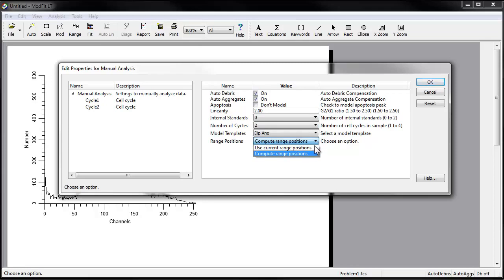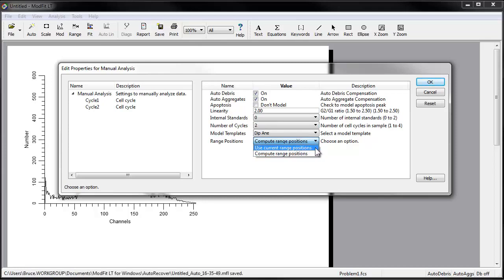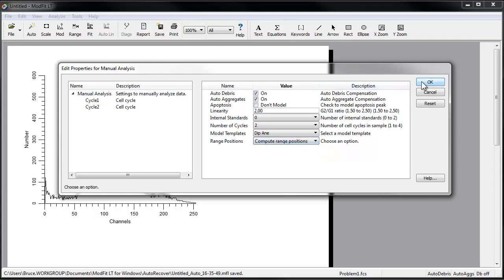Click OK to confirm your choices and close the dialog.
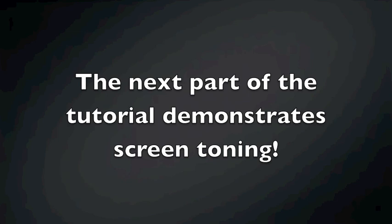Okay guys, just real quick, the next part of the tutorial will be in the link below this video. It will demonstrate screen toning in GIMP, so be sure you go check that out because it's a really cool thing to learn that makes your comic look nice. All right, thanks for viewing.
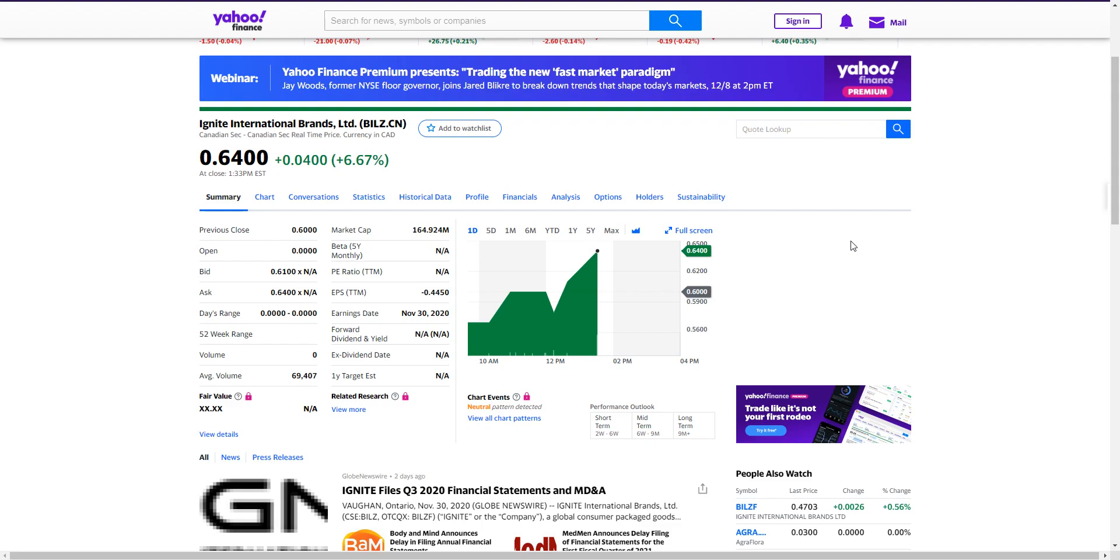Alright, how's it going everyone? Today welcome back to the channel. In this video I'm going to be talking about Ignite stock. This is a company owned by Dan Bilzerian. This is the worst company you guys can possibly invest in, especially with a CEO or an owner of a company that's almost a billionaire.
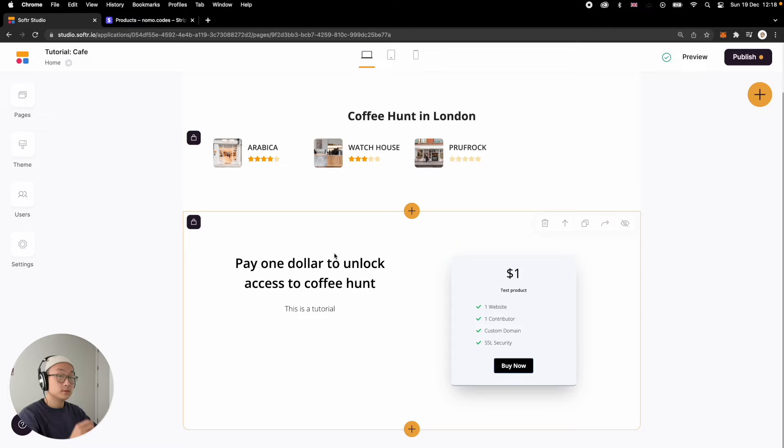Hey, how's it going? It's Jasper from NoMoreCodes here. In today's Softer tutorial, I'm going to do a follow up to a previous Stripe integration video that I did. In that video, I covered how to integrate Stripe with Softer and also how to do a simple checkout flow for a one time payment product. Some of you actually asked me how to do a subscription based product instead. So this is the video for that.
__________
Work required: Could you repeat all of the material exactly? Pictures should not be copied.

Answer box:
Click OK to confirm your choices and close the dialog.
Okay guys, just real quick, the next part of the tutorial will be in the link below this video. It will demonstrate screen toning in GIMP, so be sure you go check that out because it's a really cool thing to learn that makes your comic look nice. All right, thanks for viewing.
Alright, how's it going everyone? Today welcome back to the channel. In this video I'm going to be talking about Ignite stock. This is a company owned by Dan Bilzerian. This is the worst company you guys can possibly invest in, especially with a CEO or an owner of a company that's almost a billionaire.
Hey, how's it going? It's Jasper from NoMoreCodes here. In today's Softer tutorial, I'm going to do a follow up to a previous Stripe integration video that I did. In that video, I covered how to integrate Stripe with Softer and also how to do a simple checkout flow for a one time payment product. Some of you actually asked me how to do a subscription based product instead. So this is the video for that.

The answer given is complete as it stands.